WORK TASK: Reproduce, character for character, the lines below from the first through the one with "Conyson Wholesale Summer". Leave pictures out.

MATERIAL FOR THIS TASK:
________________________________________
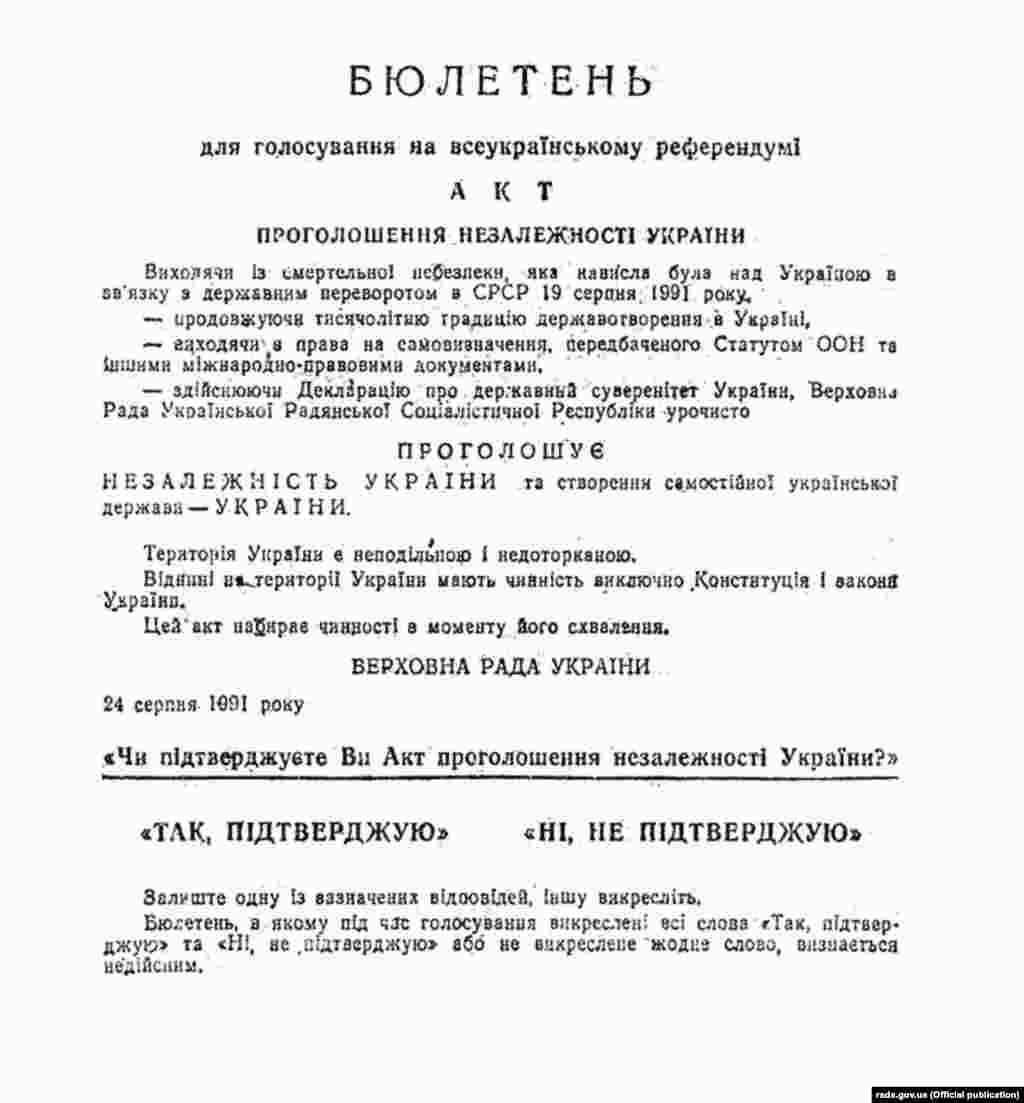 Бюлетень для голосування на Всеукраїнському референдумі&nbsp;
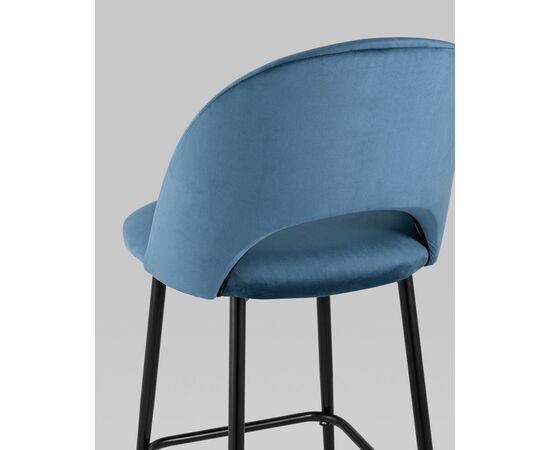 Стул полубарный Меган SN велюр пыльно-синий, изображение 7 | Интернет магазин мебели и декора LifeDekor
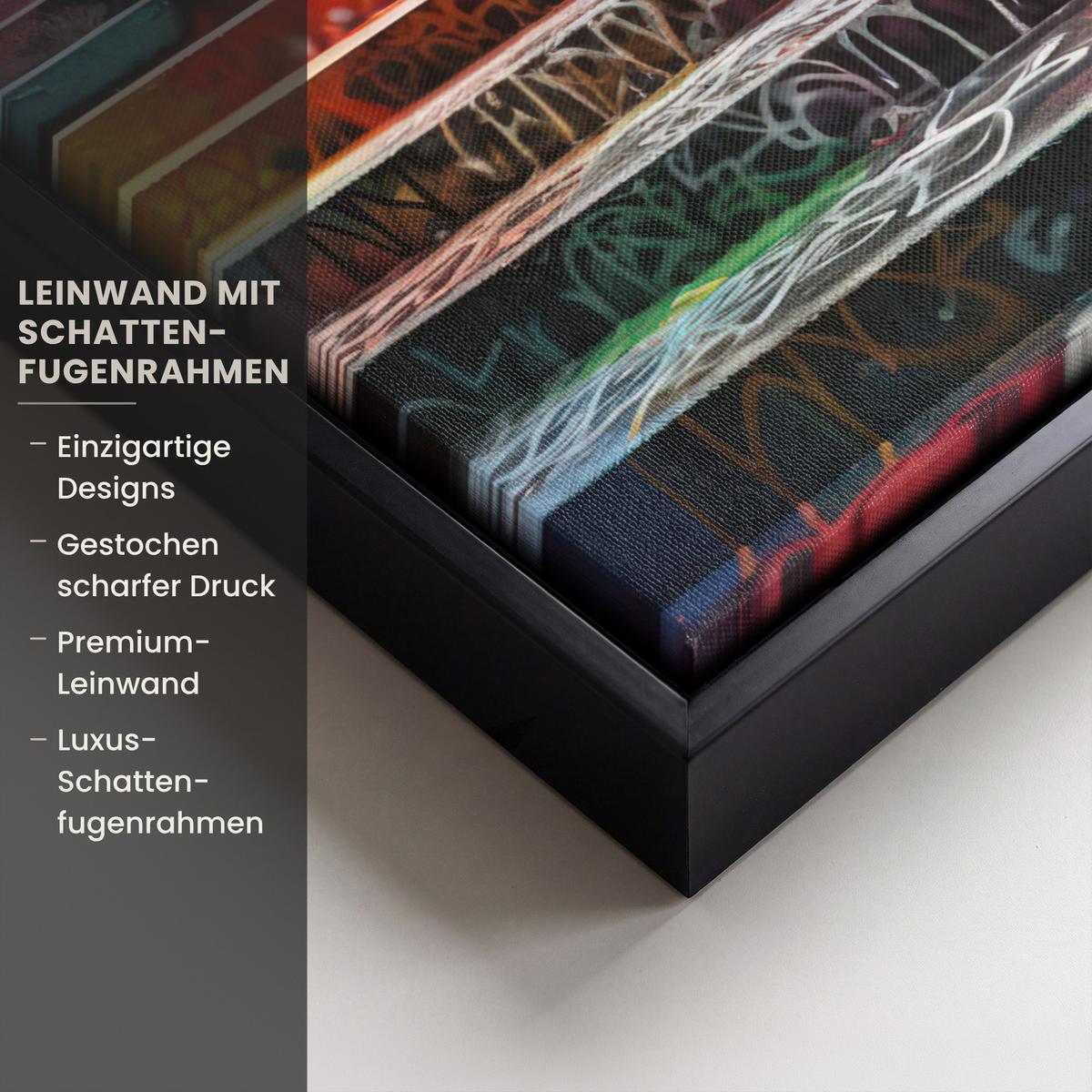 LEINWAND Bilder mit Rahmen - Treppe - Graffiti - Farben - Kunst - 30x40 - Multicolor, Textil (30/40cm) - MuchoWow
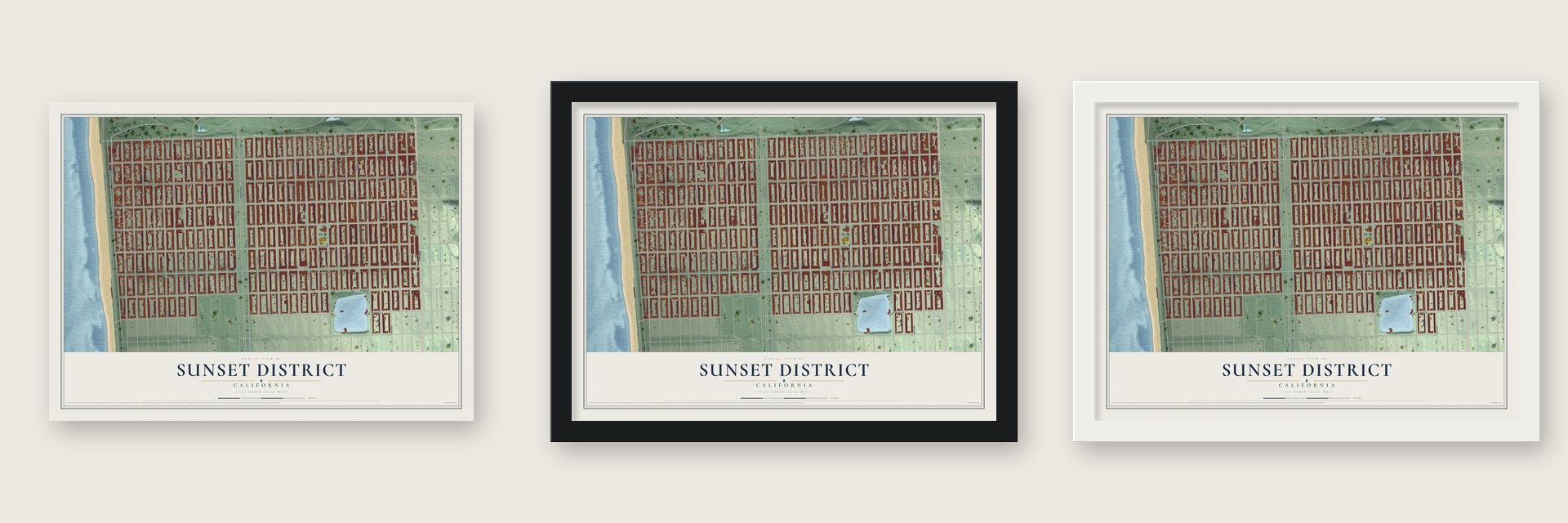 Sunset District, California map unframed, in a black wood frame and in a white wood frame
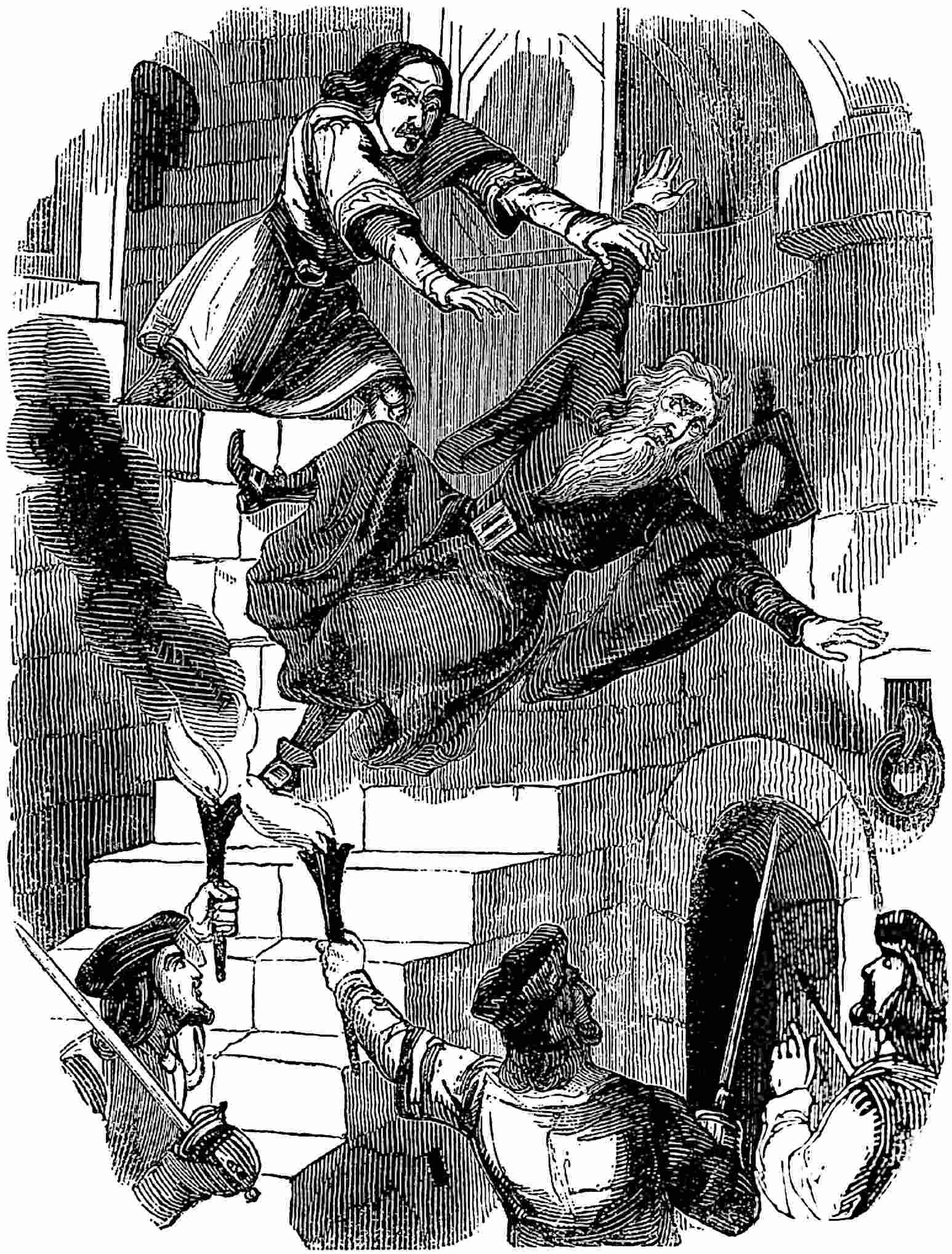 Count Morven hurling the doctor down the turret stairs.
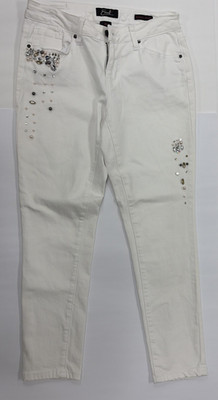Earl Skinny Ankle Jeans Pearls & Jewels Embellished White Womens 28 Waist
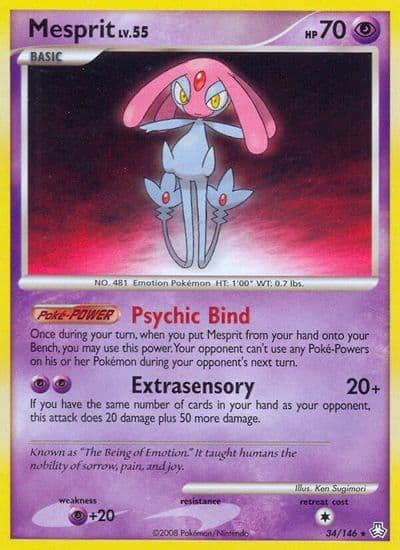 Mesprit Legends Awakened Pokemon card
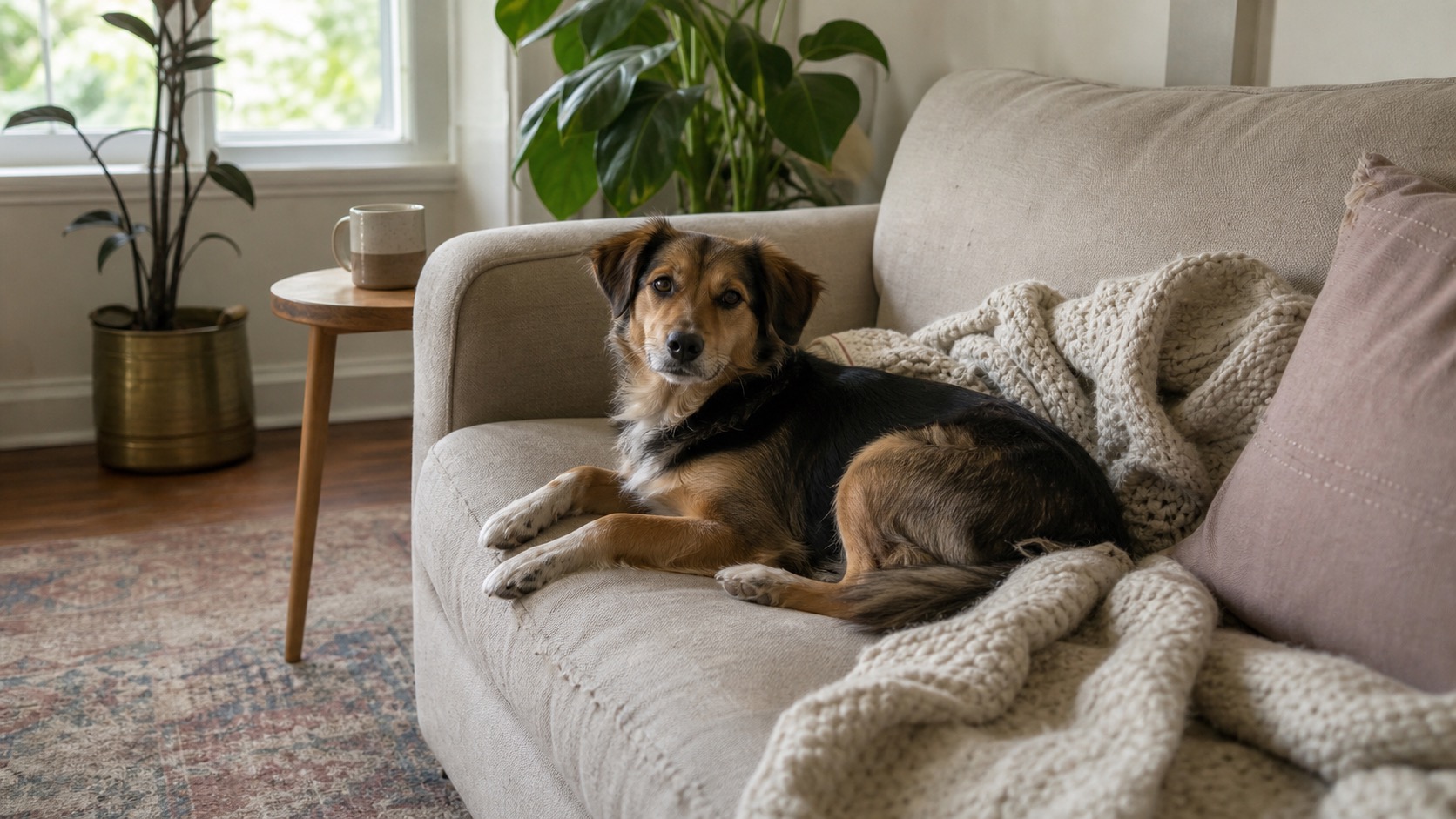 A relaxed dog resting on a couch in a bright, lived-in Orange County living room during an in-home boarding stay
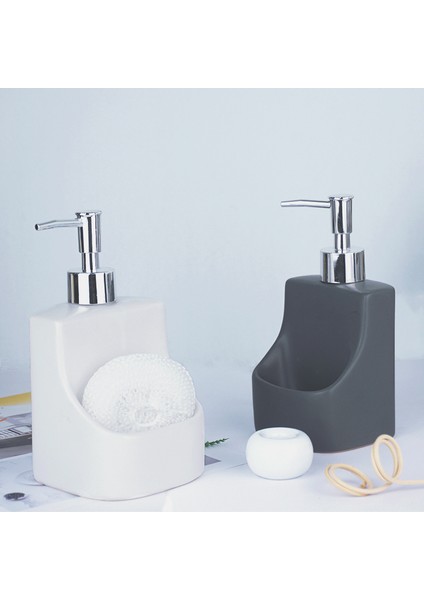 Gri Stil Basit Gri ve Beyaz Seramik Sıvı Sabun Şişesi Ev Banyo Losyon Şişesi Sünger Tutucu (Yurt Dışından) fiyatları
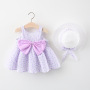 Conyson Wholesale Summer New Design Fashion Korean Sweet Kids Clothes Suit Princess Bowknot Dresses+Hat Baby Girls Clothing Set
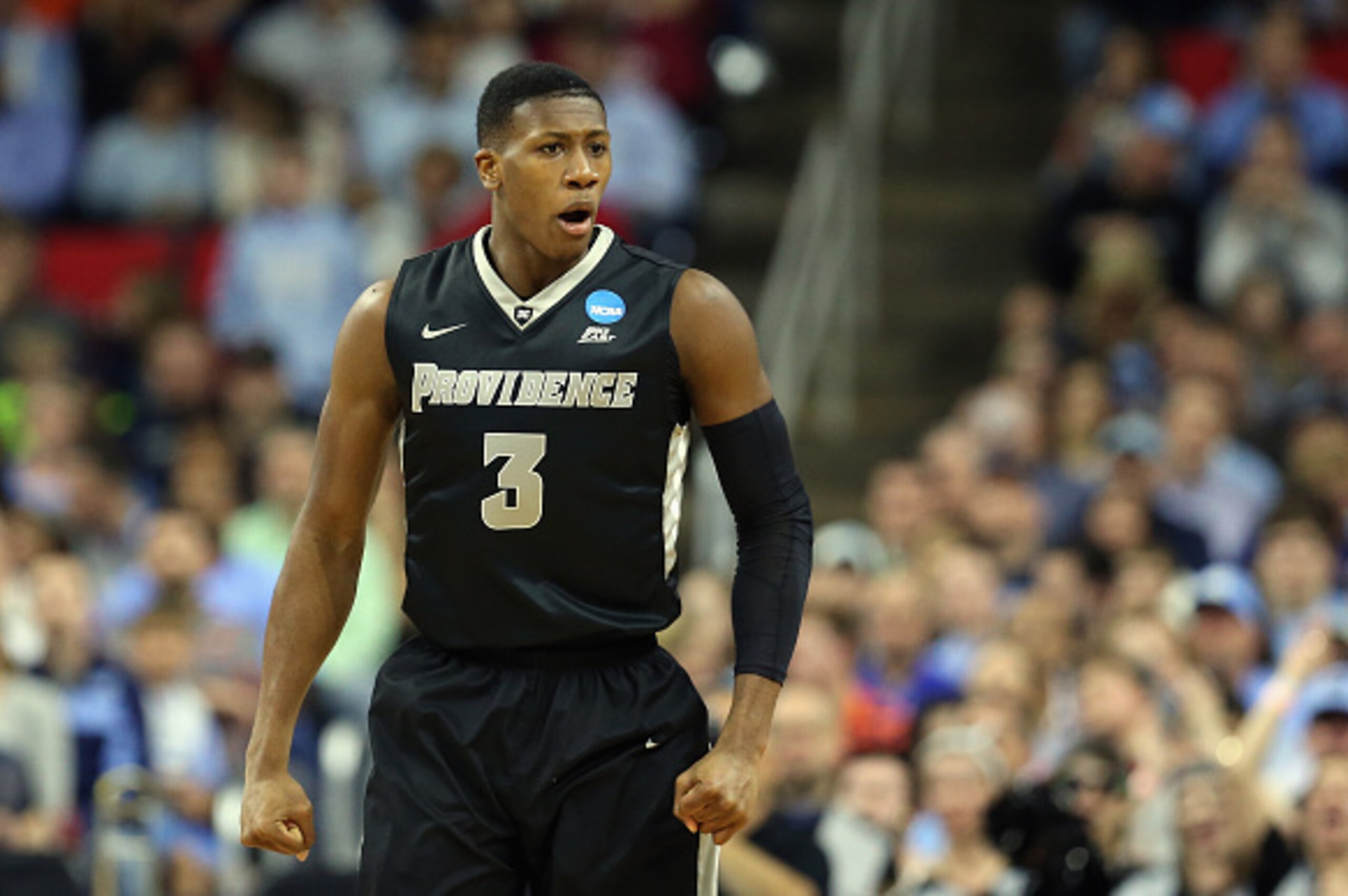 RALEIGH, NC - MARCH 19:  Kris Dunn #3 of the Providence Friars reacts in the first half against the North Carolina Tar Heels during the second round of the 2016 NCAA Men's Basketball Tournament at PNC Arena on March 19, 2016 in Raleigh, North Carolina.  (
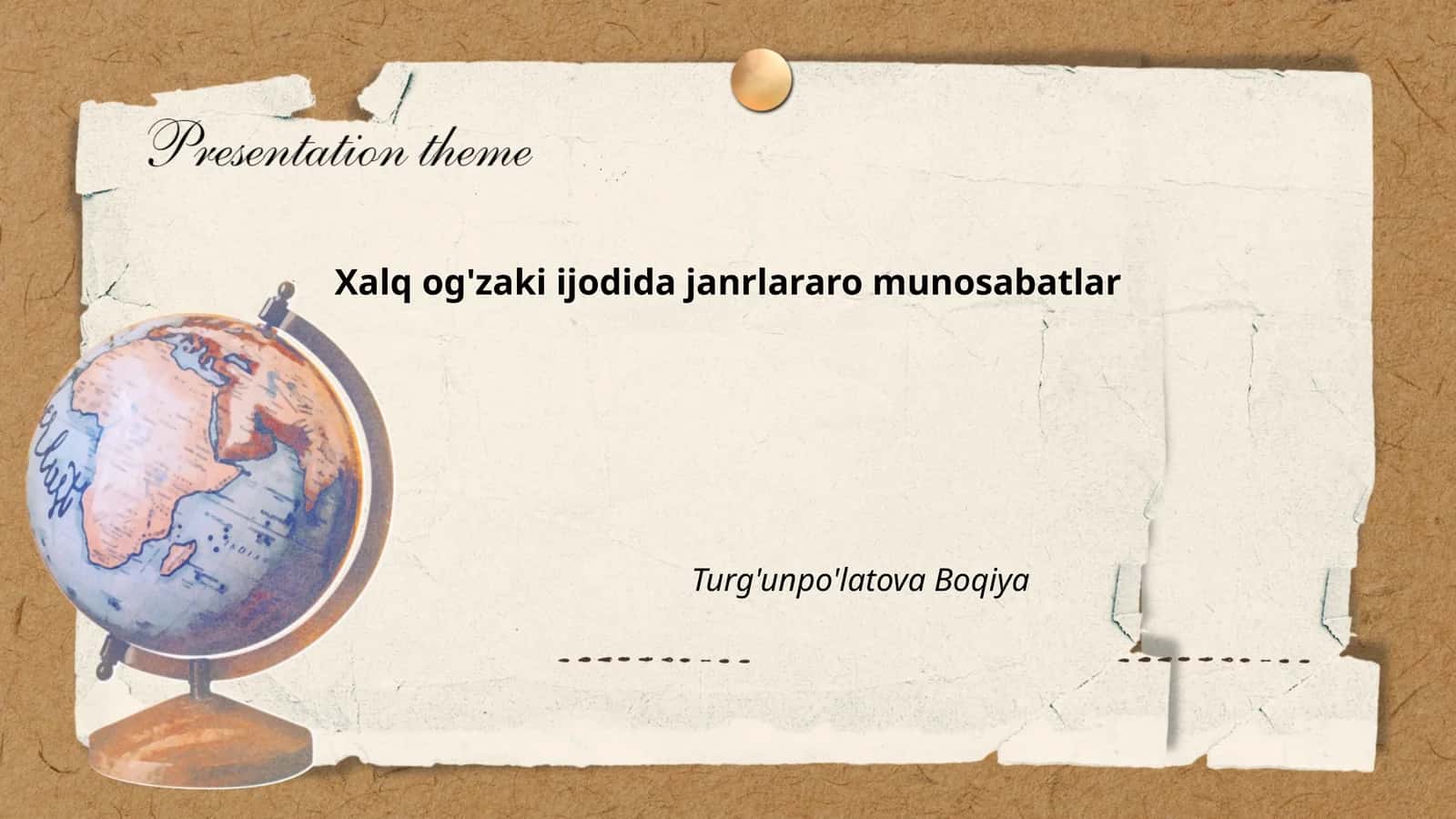 Xalq og'zaki ijodida janrlararo munosabatlarning nazariy asoslari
________________________________________
TASK SOLUTION:
 Бюлетень для голосування на Всеукраїнському референдумі&nbsp;
 Стул полубарный Меган SN велюр пыльно-синий, изображение 7 | Интернет магазин мебели и декора LifeDekor
 LEINWAND Bilder mit Rahmen - Treppe - Graffiti - Farben - Kunst - 30x40 - Multicolor, Textil (30/40cm) - MuchoWow
 Sunset District, California map unframed, in a black wood frame and in a white wood frame
 Count Morven hurling the doctor down the turret stairs.
Earl Skinny Ankle Jeans Pearls & Jewels Embellished White Womens 28 Waist
 Mesprit Legends Awakened Pokemon card
 A relaxed dog resting on a couch in a bright, lived-in Orange County living room during an in-home boarding stay
 Gri Stil Basit Gri ve Beyaz Seramik Sıvı Sabun Şişesi Ev Banyo Losyon Şişesi Sünger Tutucu (Yurt Dışından) fiyatları
 Conyson Wholesale Summer New Design Fashion Korean Sweet Kids Clothes Suit Princess Bowknot Dresses+Hat Baby Girls Clothing Set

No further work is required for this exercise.